O meu pai foi vereador por vários mandatos e prefeito duas vezes, além de forte cabo-eleitoral dos candidatos que apoiava. Sua votação era baseada na afinidade que criava com o eleitorado, tão reduzido que permitia sua visita, casa a casa, antes das eleições que sempre ganhou, em Borborema. Depois que ampliou sua área de atuação para Bananeiras, aposentou a seringa que adquirira logo depois que o comercio o deixara. A aplicação de injeção não teria muita utilidade em uma cidade com hospital e outros recursos para atender aos seus amigos e compadres. E estes eram muitos. Em uma Missão de Frei Damião, encheu a igreja, sozinho, com os afilhados a serem crismados.
O tipo de política que se fazia então, ainda hoje persiste em alguns grotões do interior. Herança do passado, essa política do favor que resulta no voto futuro, tem nome bonito: clientelismo. Para os cientistas políticos, a herança colonial seria o fator predominante da presença do clientelismo na democracia moderna. Nesse cenário, o eleitor aceita um beneficio imediato em troca do voto ao invés de optar por vantagens mais amplas, tidas como incertas. Essa descrença no exercício do mandato ou na retribuição da representação que delega, faz do portador do voto um “interesseiro imediatista”, como diria Odorico Paraguassú. Na sua sabedoria, meu pai não censurava esse comportamento. Para ele, a eleição era a safra do eleitor…

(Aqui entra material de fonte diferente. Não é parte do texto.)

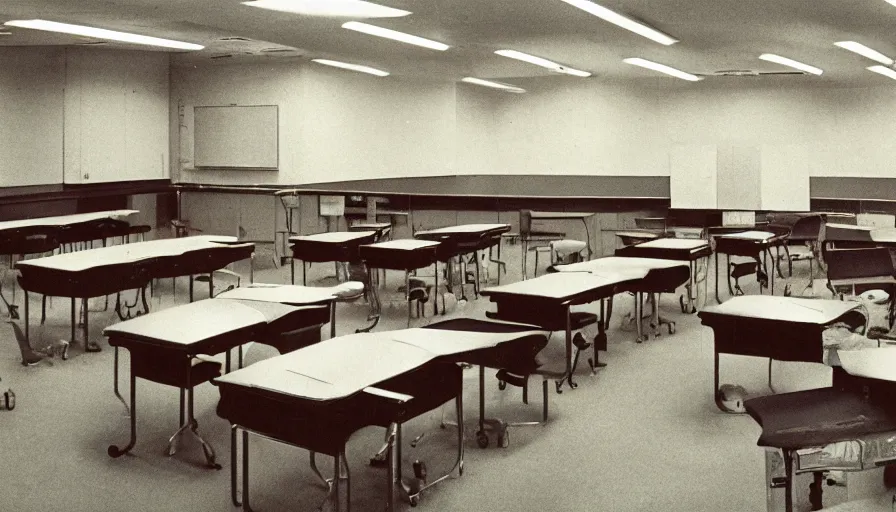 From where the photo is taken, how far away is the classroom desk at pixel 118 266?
21.5ft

Não vou aqui desenvolver qualquer tese para mudar a relação entre o eleitor e o candidato. Não sou cientista político. Como um dos atores desse processo, aproveito o espaço para contar a minha experiência, submetido que fui a esse método desgastante por muitos anos. Claro que o volume de votos obtidos não se prende, exclusivamente, ao favor direto ou à troca de alguma vantagem. A ação do candidato, o discurso, as teses que defende, completam os votos necessários à sua eleição. Os “pirangueiros”, como o deputado Orlando Almeida os carimbou, são uma minoria identificada facilmente. Como político ouvi muitos pedidos. O mais estranho foi o de uma jovem mulher que desejava um emprego para poder justificar ao marido, as joias que recebia do amante. E me explicou isso com todas as letras, por telefone. O nariz de cera terminou se alongando. O que eu queria mesmo era mostrar que o ultimo favor é que ganha o voto.

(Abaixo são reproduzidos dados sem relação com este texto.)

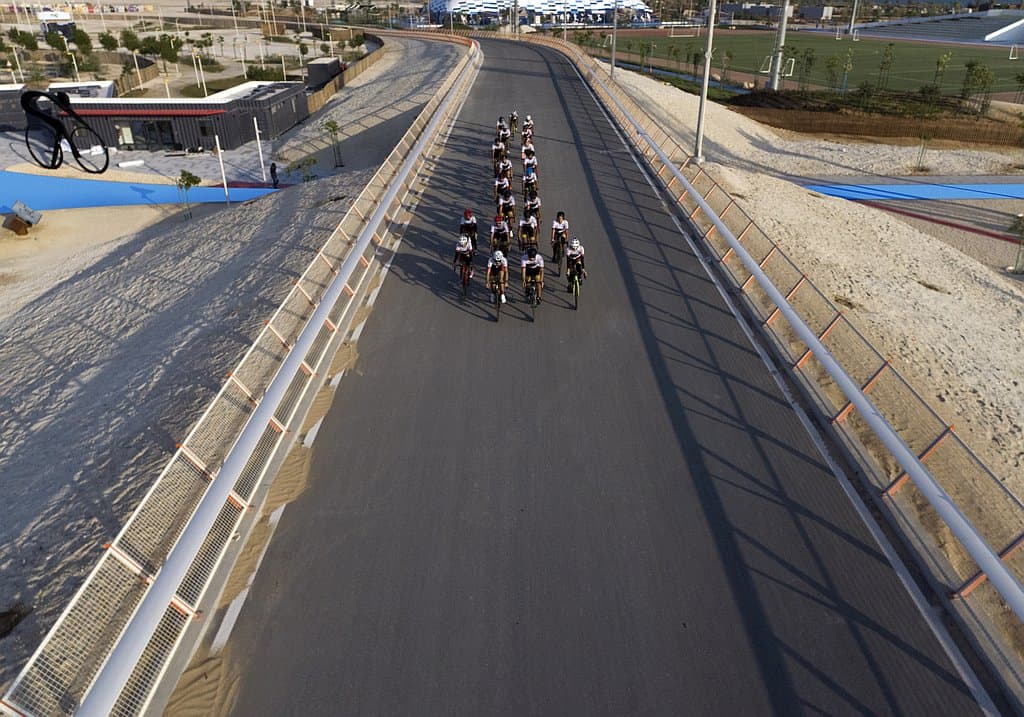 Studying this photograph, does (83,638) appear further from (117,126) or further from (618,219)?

Morei algum tempo ao lado da Federação dos Trabalhadores, na rua da Palmeira. A entidade mantém uma hospedaria para seus associados do interior, em tratamento médico na Capital.O deputado Edvaldo Motta hospedou alí uma família de Patos, com um deles doente. A mulher perguntou a ele como seriam as refeições e ele, brincalhão:
– Vocês vão comer aí na casa vizinha, do deputado Ramalho Leite.
Estava acompanhando Antonio Mariz em um comício na feira de Patos quando fui chamado por uma mulher. Desci do palanque para atendê-la e surpreso, ouvi a sua historia:
– O senhor vai ter dez votos aqui em Patos. É o que minha família tem para agradecer à sua mulher, que nos alimentou por quinze dias, lá na Federação.
Edvaldo cuidou do doente e Marta o alimentou. Ganhei os votos. Valeu a tese de que o último favor prevalece.